Gli adulti stanno consegnando ai giovani “un mondo rovesciato”, visto che “la condizione giovanile per sua stessa natura è spalancata alla grande prospettiva esistenziale di una vita tutta da vivere e da costruire”, ha aggiunto il cardinale, presidente di Aiuto alla Chiesa che Soffre. Mentre “oggi essere giovani non è più un vantaggio anagrafico ed esistenziale, né sociale”. Condizione che i giovani stessi oggi vivono sulla loro pelle, e vedono, oltre che con inequivocabile chiarezza, con grande sconforto, affanno e disillusione. E il paradosso, ha chiosato il porporato durante l’incontro, è che spesso “proprio la Chiesa, da sempre accusata di non dare spazio ai giovani, sia in realtà il soggetto che maggiormente ne ascolta e accoglie le esigenze”.

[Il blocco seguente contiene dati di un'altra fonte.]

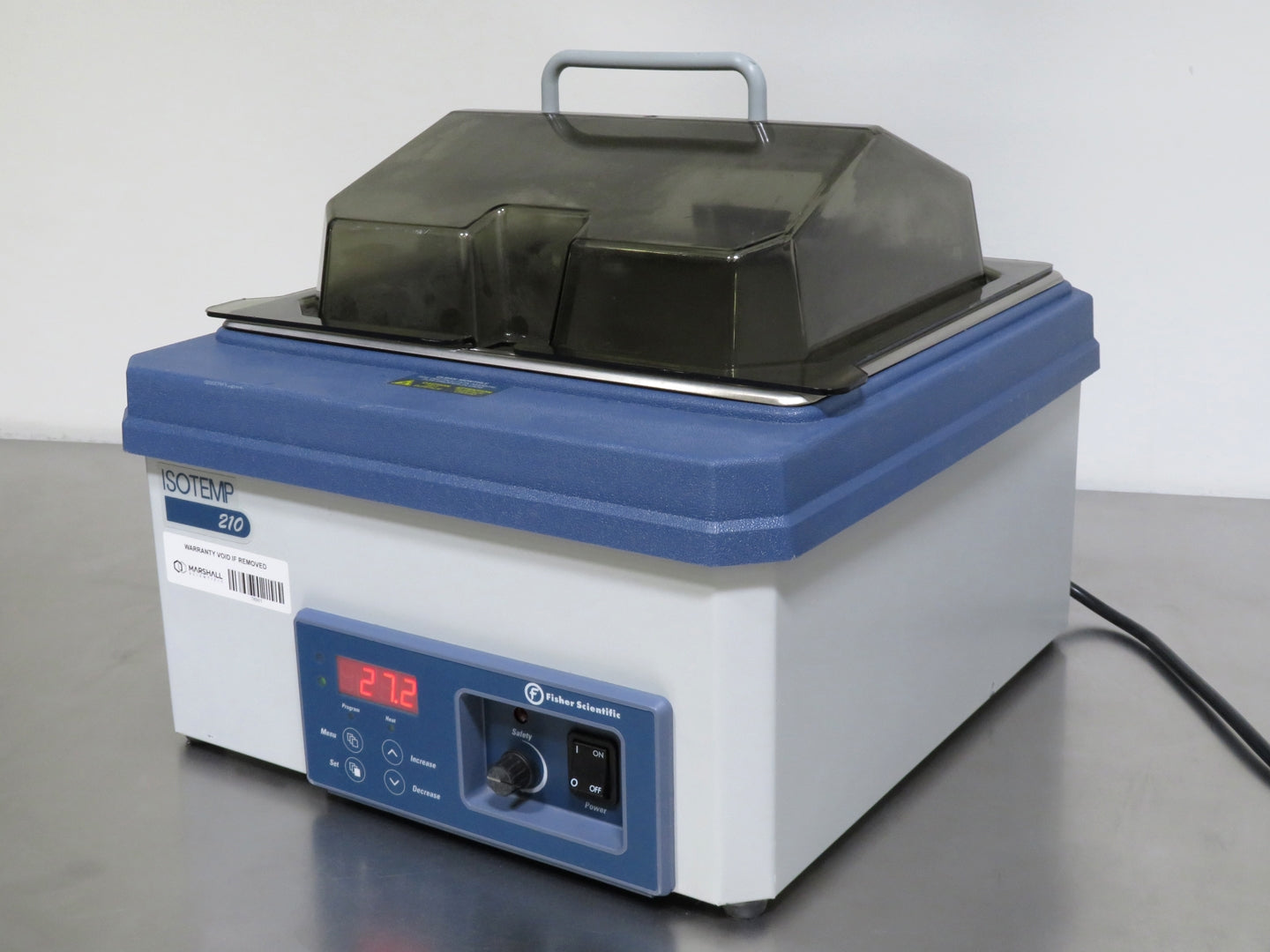 Fisher Scientific Isotemp 210 Digital Water Bath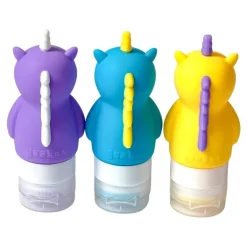 Yumbox Squeeze Flaske, Unicorn Blue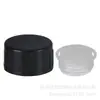 Botella de Aceite de Vidrio Negra Blanca Cuadrada 500ml Separador de Aceite a Botella de Olla de Aceite Sellada Sin Aceite Doble Propósito Salsa de Soja Vinagre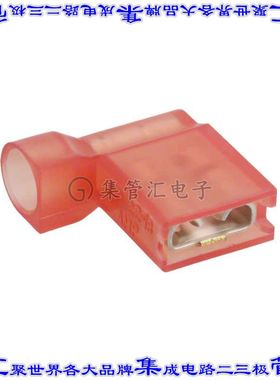 2-520128-2 快速连接器端子母头6.35mm压接18-22AWG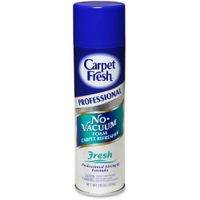 WD-40 Fresh Professional Carpet Deodorizer - Foam Spray - 20 oz (1.25 lb) - Fresh Scent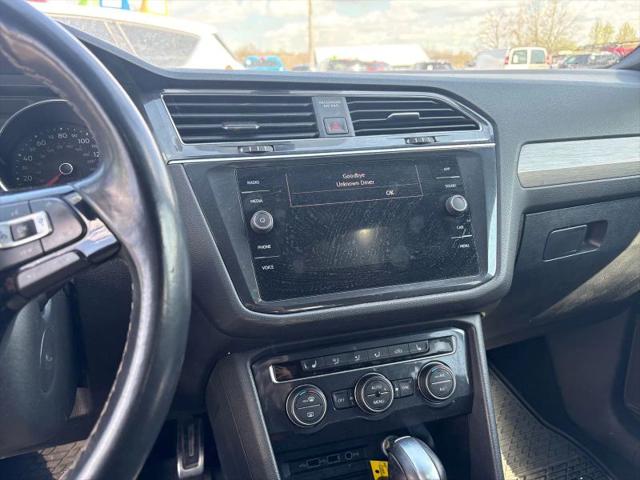 2020 Volkswagen Tiguan 2.0T SE R-Line Black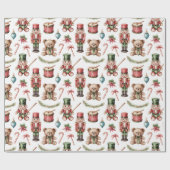 おもちゃファッションド屋クリスマス ラッピングペーパー (フラット)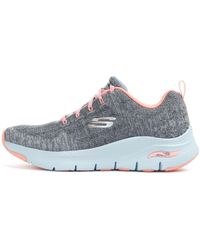 Skechers - Arch Fit Comfy Wave Sneakers - Lyst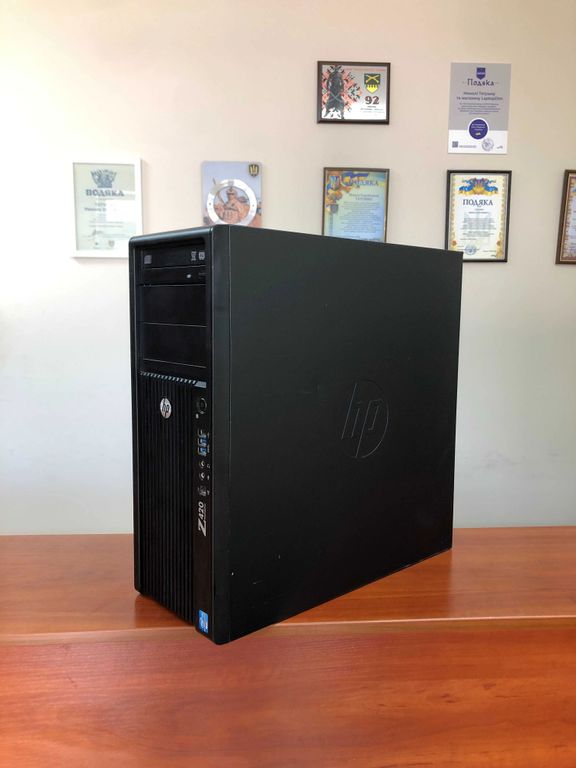 HP Z420 Workstation/GT 730/E5-1620/64GB/128GB/1T/500GB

Fa bene quindi il cardinale Piacenza a lanciare spunti per ricordare questa realtà concreta, viva e operante, e per mostrare a religiosi e ministri del culto la via da seguire oggi, la direzione tra intraprendere, in mezzo alle intemperie.

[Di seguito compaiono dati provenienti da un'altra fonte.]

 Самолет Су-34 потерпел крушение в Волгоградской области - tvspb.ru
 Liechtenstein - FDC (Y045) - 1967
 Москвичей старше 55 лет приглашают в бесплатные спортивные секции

Cari amici, condivido in toto la vostra attenzione a un giudizio “anticonformista” sui giovani: oggi più che mai mi sembra urgente. Non so se sia fuori contesto, ma, da docente, mi ha molto colpita la valanga di luoghi comuni, “neo-conformisti”, snocciolati da opinionisti più o meno blasonati, o da colleghi insegnanti sulle loro bacheche social, a seguito del caso bulli di Lucca. Dagli anatemi contro le nuove generazioni viziate da genitori conniventi nella violenza contro i docenti, alla diatriba classista-non classista su licei e professionali (con gli alunni dei primi bollati come figli di papà arroganti e i secondi come selvaggi); per finire col de profundis del concetto di autorità cantato negli ultimi giorni. Tutto e il contrario di tutto – e il contrario di quello che ancora poche settimane fa, di fronte ad altri casi di violenza scolastica, si diceva. E tutto ciò dimenticando (incredibilmente) che in classe non si sta di fronte a luoghi comuni, ma di fronte persone, e che, perciò, la relazione educativa non è mai riducibile a schemi fissi, ma è incontro di individualità, sempre peculiare, anzi speciale. Mi sembra che questo atteggiamento rispecchi lo sguardo che la società tutta tende ad avere sulle nuove generazioni, sentite sempre più come un oggetto misterioso e perciò facilmente ridotte ad etichette (“sballati”, “abulici”, ” vanesi” …) che ne legittimano l’abbandono. In questo senso la Chiesa può davvero indicare una via per colmare il solco sempre più profondo che separa giovani e adulti: richiamare al rapporto con un Tu. Quel Tu che c’è in ogni ragazzo e che chiede di essere guardato. Quello stesso Tu che Gesù guarda e ama in noi e ci chiede di guardare in sé.